§ **COLLECTED DATA**:
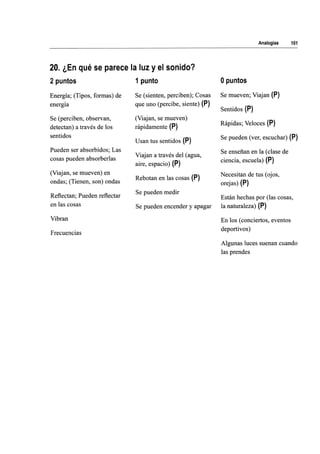 WISC V MANUAL VN 2018.pdf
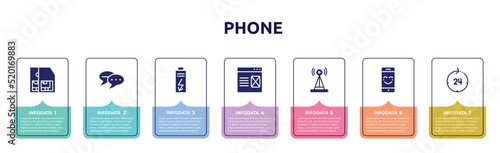 phone concept infographic design template. included , chatting, charge, landing page, radio antenna, smartphone with a smile, 24h icons and 7 option or steps.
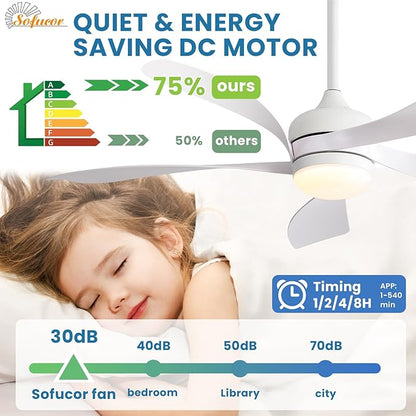 Sofucor 52" Smart Ceiling Fan, Indoor/Outdoor White Ceiling Fans with Lights and Remote, Works with Alexa/Google/App, 3-Color Light 6-Speed Timing Reversible DC Motor for Bedroom Living Room Patio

§ **WHAT YOU ARE ASKED TO DO**:
Pictures in the data above should not be copied; transcribe everything else exactly.

§ **EXERCISE RESULT**:
 WISC V MANUAL VN 2018.pdf
 phone concept infographic design template. included , chatting, charge, landing page, radio antenna, smartphone with a smile, 24h icons and 7 option or steps.
 Sofucor 52" Smart Ceiling Fan, Indoor/Outdoor White Ceiling Fans with Lights and Remote, Works with Alexa/Google/App, 3-Color Light 6-Speed Timing Reversible DC Motor for Bedroom Living Room Patio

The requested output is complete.